Le monde est incongru, parce que notre attitude est incongrue. Toi qui rêvais d'être un maître du monde, et qui a emmené des nations dans sa chute, toi qui pensais que la richesse passait par le portefeuille et non le cœur, toi l'imbécile qui se suppose plus puissant parce que ta carte bleue ne rechigne pas à payer le moindre de tes caprices, vous avez tous le même niveau d'estime venant de moi, à savoir celui qui est au pied de l'échelle. On ne décrète pas qu'un être est moins bon si la somme de ses biens est trop faible. On ne décide pas du devenir des gens en les voyant comme des marchandises échangeables contre des petits bouts de papier vert. L'indécence des gens n'a aucune limite. La bonne conscience distillée par les dons aux associations caritatives (pour se rabibocher avec sa conscience déjà bien amochée), l'étendue de l'hypocrisie du "Je ne savais pas" ou du "Je n'avais jamais vu ça avant" n'a aucune valeur. A l'ère de l'information à outrance, qui peut prétendre ne pas voir où va ce monde? La moralité n'est pas prise en défaut ici, car chacun s'adapte et fait "ce qu'il peut". Il ne s'agit pas d'avoir un comportement donnant des leçons, car chacun a ses défauts, chacun s'aveugle et de tait selon ses convictions ou sa position morale. Par contre, faire mine de ne pas savoir, de ne pas voir que l'égocentrisme de l'homme est une folie, c'est immanquablement se refuser toute possibilité de progrès.

L'Homme est parfaitement stupide, et il déploie des trésors d'ingéniosité pour le rester.
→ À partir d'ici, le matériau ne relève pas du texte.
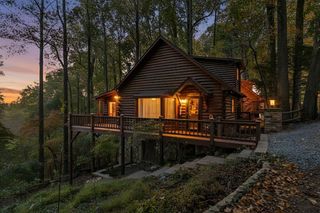 1225 Walnut Ridge, Ellijay, GA 30536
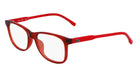 LACOSTE | L3657 | 601 RED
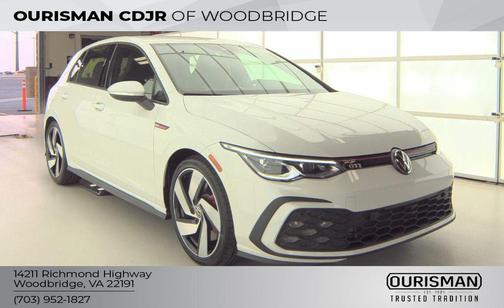 2024 Volkswagen Golf GTI 2.0T S DSG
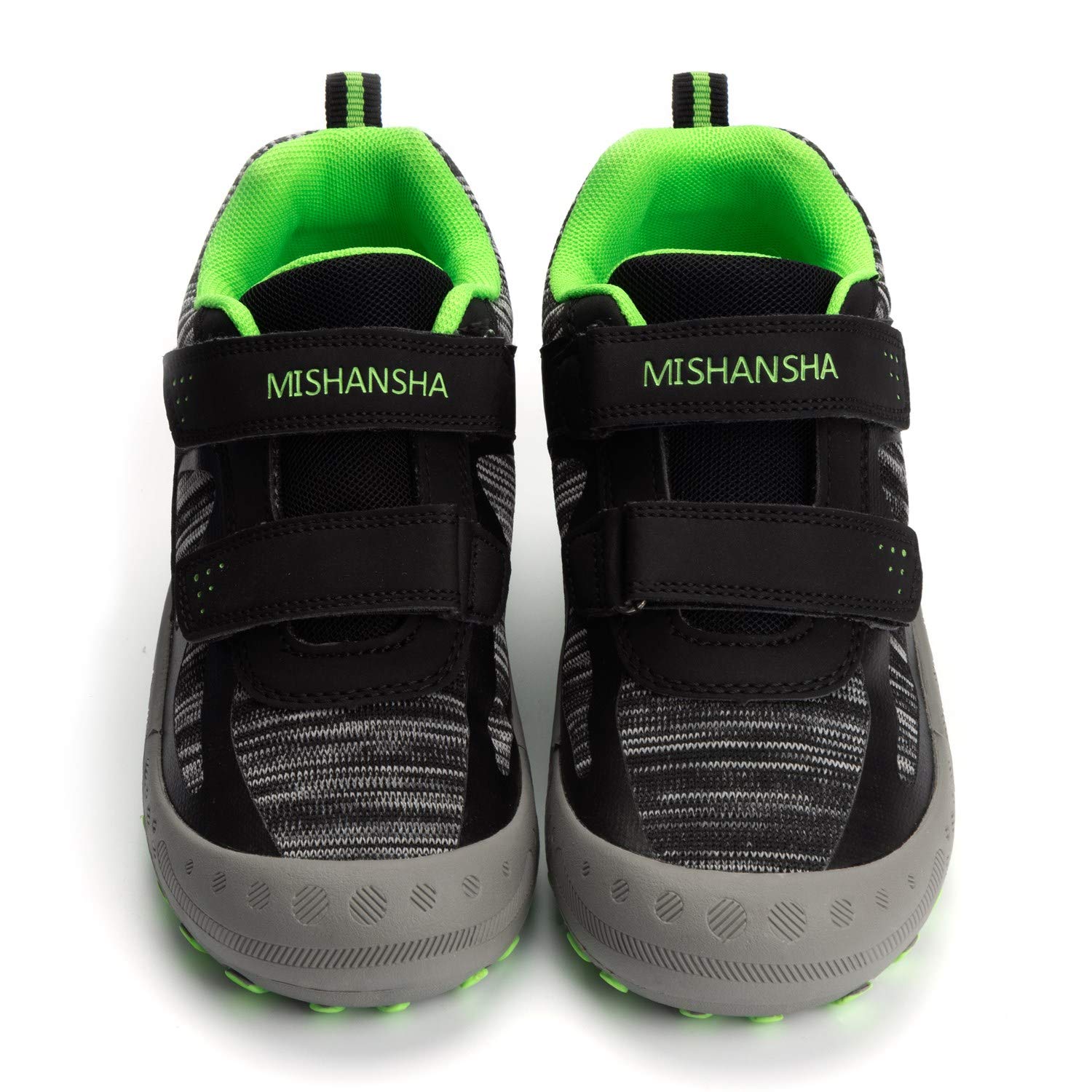 Foto 7 pulgar | Zapatos De Senderismo Mishansha Para Niños Y Niñas Al Aire Libre, Negros, 9 - Venta Internacional.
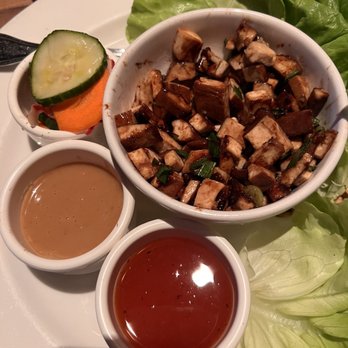 Yard House - Chicken Lettuce Wraps - Bars Near Me - Long Beach, California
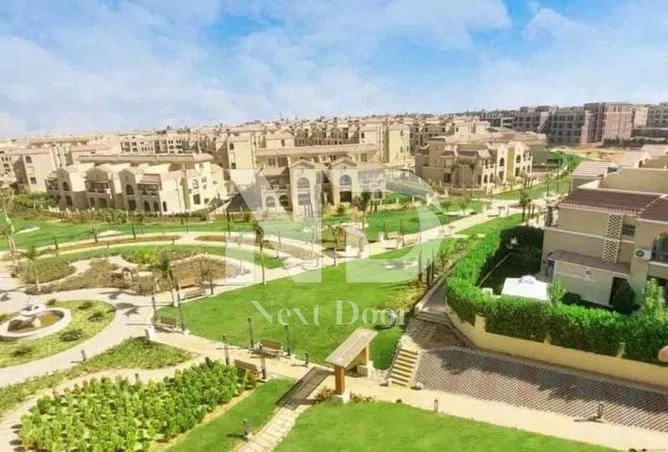 3-bedroom apartment 138 m² for sale in Parkside El Shorouk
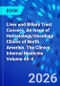 Liver and Biliary Tract Cancers, An Issue of Hematology/Oncology Clinics of North America. The Clinics: Internal Medicine Volume 40-4 - Product Thumbnail Image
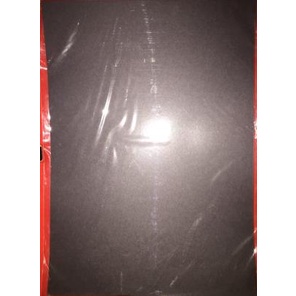 

Kertas Spectra A4 80 gram warna Hitam ( kode 401) per rim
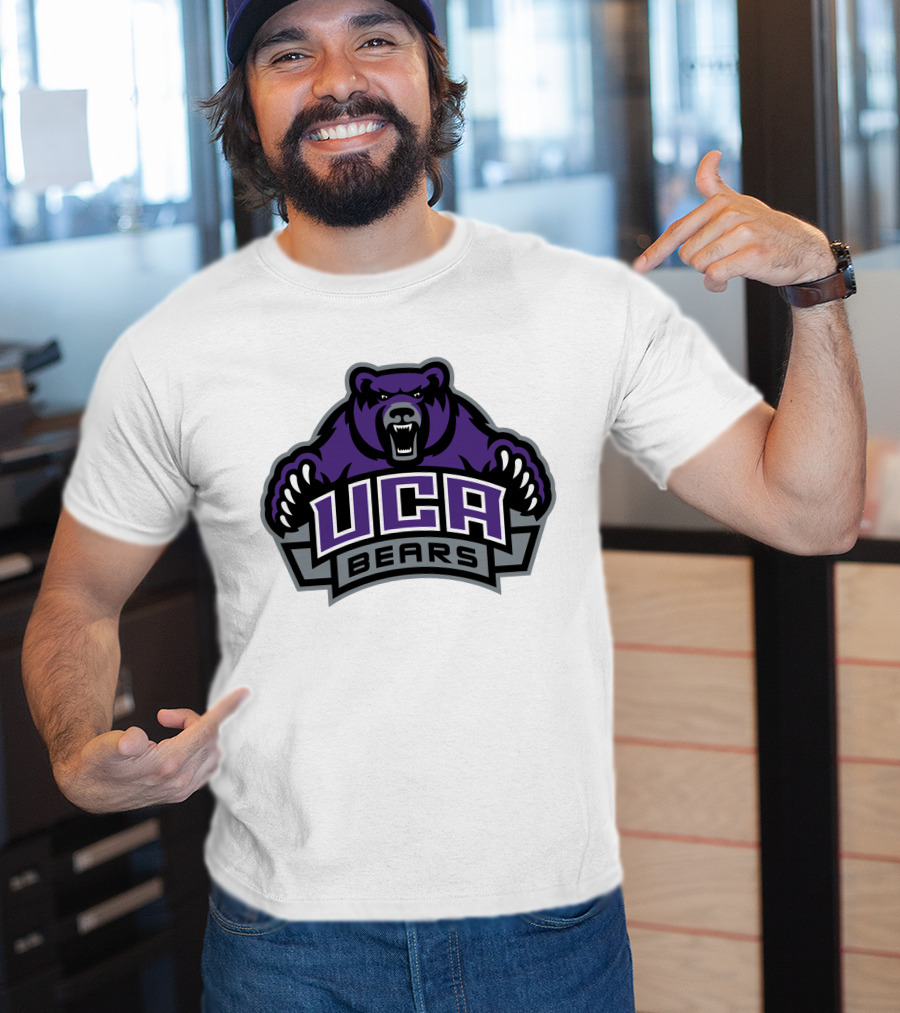 UCA Bears Central Arkansas T-Shirt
La folie humaine est incroyable, car elle a autorisé la création d'armes de destruction absolues, la possibilité de manipuler ce monde comme l'on jouerait avec des lego, ainsi que d'accepter que ce sont des automatismes informatisés qui régissent le monde. Qu'on n'aille pas me dire que cette informatique peut être bénéfique: ce n'est pas l'outil qui est bénéfique ou maléfique, c'est l'usage qu'on en fait. On ne dit pas d'un couteau qu'il est cruel, c'est son porteur qui peut l'être. De fait, les programmes réalisés pour la finance, pour la gestion des gens, les projets "sociaux" de très grande échelle sont tous liés par un même raisonnement: le profit. Automatiser la Vie, c'est s'exclure, c'est se mettre en danger permanent. Oh bien sûr, le progrès passe, il donne des opportunités, mais il est aussi malsain et débile de s'y noyer aveuglément. Croire que le besoin est fort, que la nécessité fait loi n'a aucun sens. Nos ancêtres ne se voyaient pas conduire des voitures, aller sur la toile, ou encore devoir lire des livres sur un écran qui tient dans une poche. Ce n'est pas le progrès en soi qui ne va pas, c'est ce qu'on en fait au quotidien. Plus on est connectés… moins nous le sommes socialement. La vérité, c'est que notre humanité doit transcender les existences réelles et virtuelles. Trop de personnes dissocient, en bons schizophrènes, leur identité réelle et leur identité informatique. C'est inepte. Les deux sont intimement liées, et plus encore que l'on pourrait le supposer. Ecoutez donc les discussions, soyez attentifs aux échanges et rendez-vous compte à quel point cela a évolué. Hier, on disait "tu as vu untel?", alors qu'aujourd'hui on dit "j'ai vu machin poster sur face de bouc". Etrange, malsain me concernant… pour ne pas conclure par un "incongru".